Using Freebase with a Slot handler for a reliable-msg Queue would be neat though. I'm digging through Freebase and reliable-msg now to see if I can devise something.

Yes, this is getting into implementation rather quickly. So many alternatives and variables.

The idea is to get something going, to keep up the momentum. Release early, release often...

Sat, 03 Dec 2005

An extension of the DARPA UltraLog project, the Cougaar agent architecture appears to be a message bus based system.

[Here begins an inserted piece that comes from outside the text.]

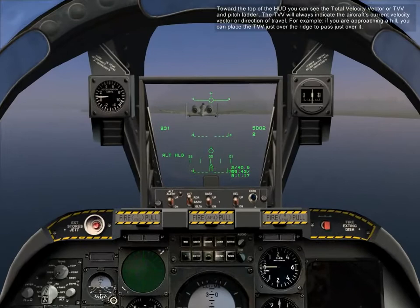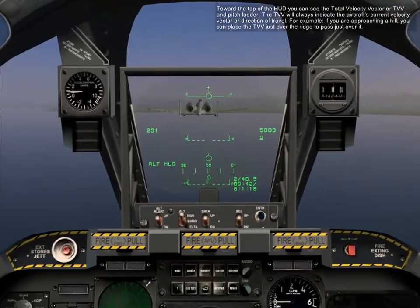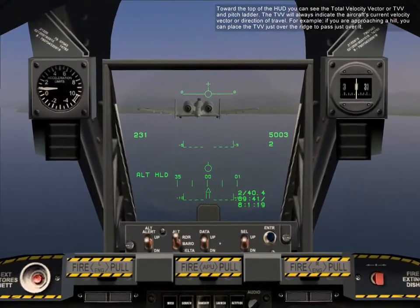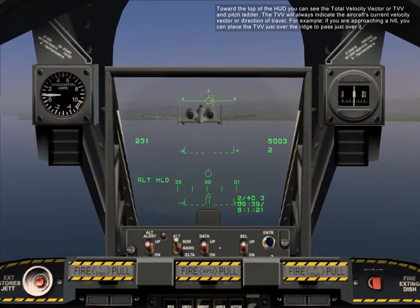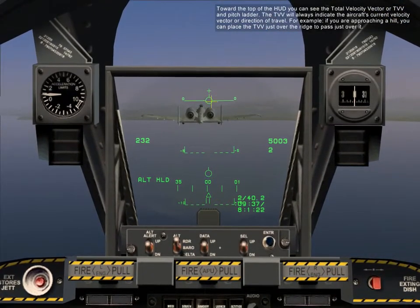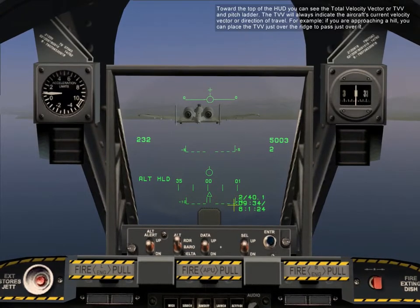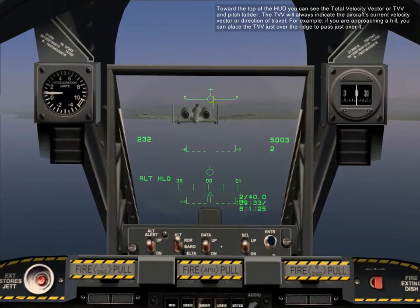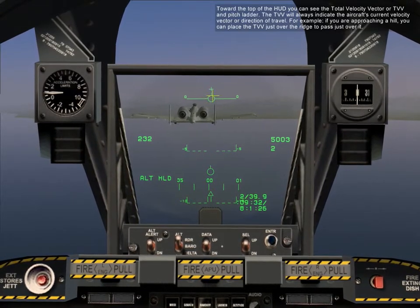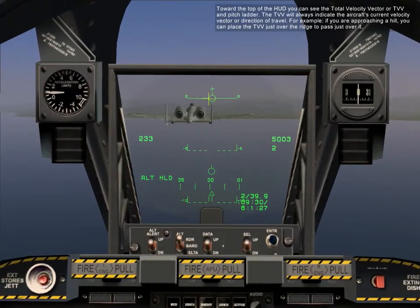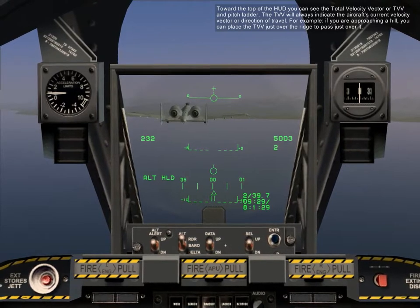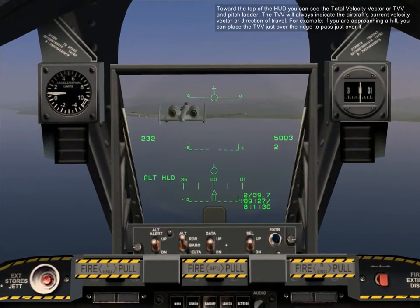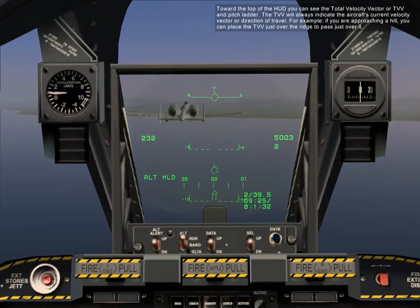Toward the top of the HUD, you can see the total velocity vector, or TVV, and pitch ladder. The TVV always indicates the aircraft's current velocity vector, or direction of travel. For example, if you're approaching a hill, you can place the TVV just over the ridge to pass just over it.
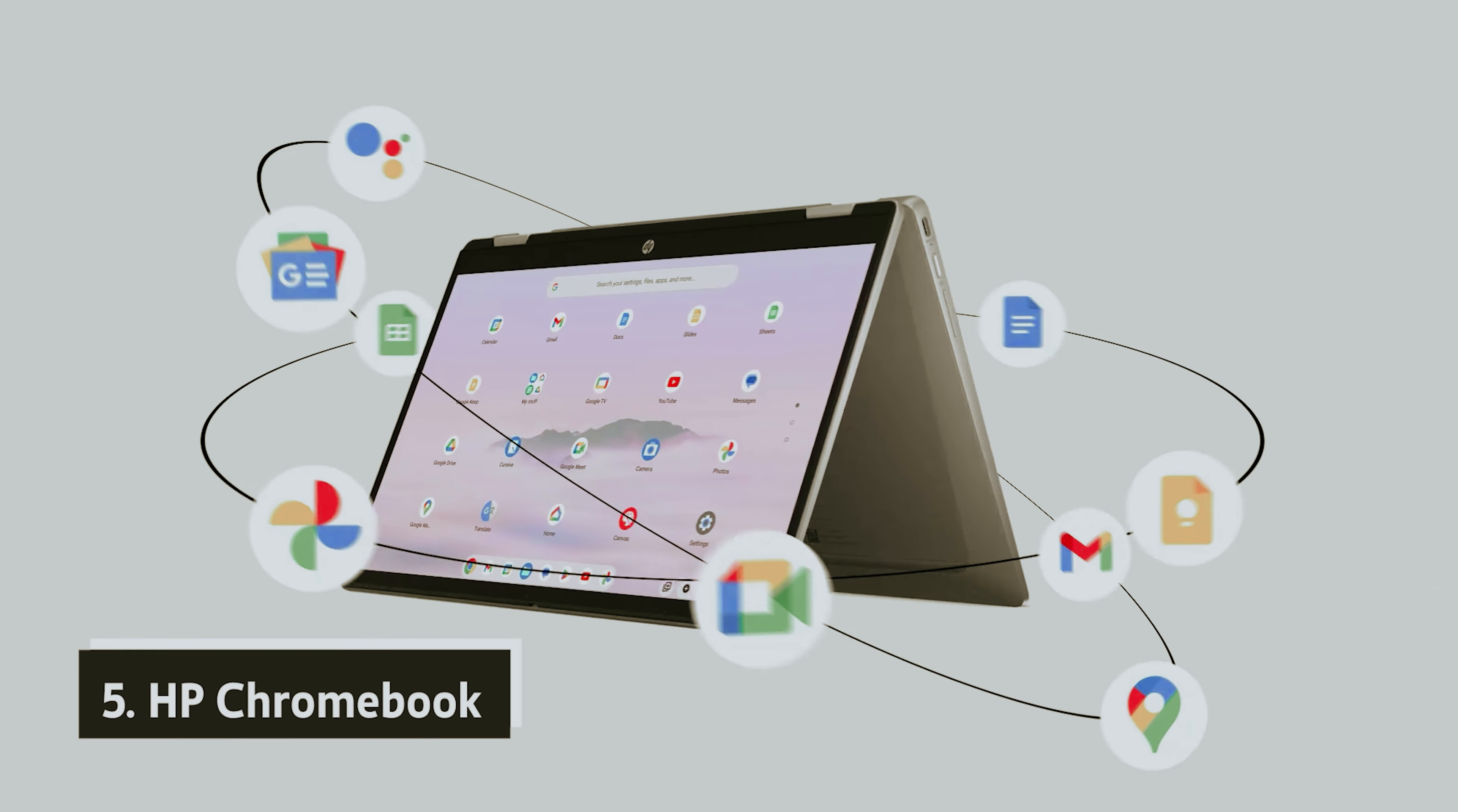As always, you will find all the links of these products in the description below. Comment below and tell us which Chromebook you are considering. Thanks for watching this video. If you found this video helpful, then like and share this video. Also, don't forget to subscribe to our channel for more amazing videos like this.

The ACME framework is a ruby based control and test platform for Cougaar, so it's not Java centric.

It looks like Cougaar was the outcome of the DARPA UltraLog project for distributed agent development.

Q. Which Message Transport protocols are supported?
A. The Cougaar architecutre includes a Message Transport with pluggable "Link Protocols". The standard protocols are:
   - Lookback in-memory tranport (for intra-node traffic)
   - RMI
   - SSL-encrypted RMI
   - CORBA
   - HTTP
   - SOAP

Protocols include plain TCP Sockets, UDP, SMTP, and NNTP. Third-party developers can write new link protocols and plug them into Cougaar.

Thu, 01 Dec 2005

There has been much discussion on the SAGE config-mgmt list regarding Luke Kanies' effort toward a message bus for Puppet.

A number of folks in #puppet on irc.projects.net continue to talk about this new message bus and what it should accomplish.

The goals are:

  1. Create a message router that will allow agents to subscribe to message feeds
  2. Write agents for each subsystem or opensource component engine that either publish or subscribe to those messages.

These messages may range from simple syslog messages and SNMP traps to system stats, IDS alerts, netflow log snippets, or anything else that might concern a sysadmin.

The Runnel message bus needs two things:

  1. A data abstraction for the messages
  2. A transport to ship them around reliably.

For data abstraction, the primary contenders are RDF and microformats. Luke posted to the microformats list asking for their input on this matter.

For transport, we would like to keep it simple yet allow for the messages to be transported over any network topology. This might be as simple as messages transported over SMTP to messages sent over a direct TCP socket connection between an agent and the router.

The goal is not to make a message bus that will solve any computing problem generically. We're not trying to rework MQSeries here. In the end, this will solve a problem for Puppet, and potentially open up an avenue for communication between disparate systems like Request Tracker (RT), Nagios, SEC, and any other subsystems we can build agents to communicate over the bus.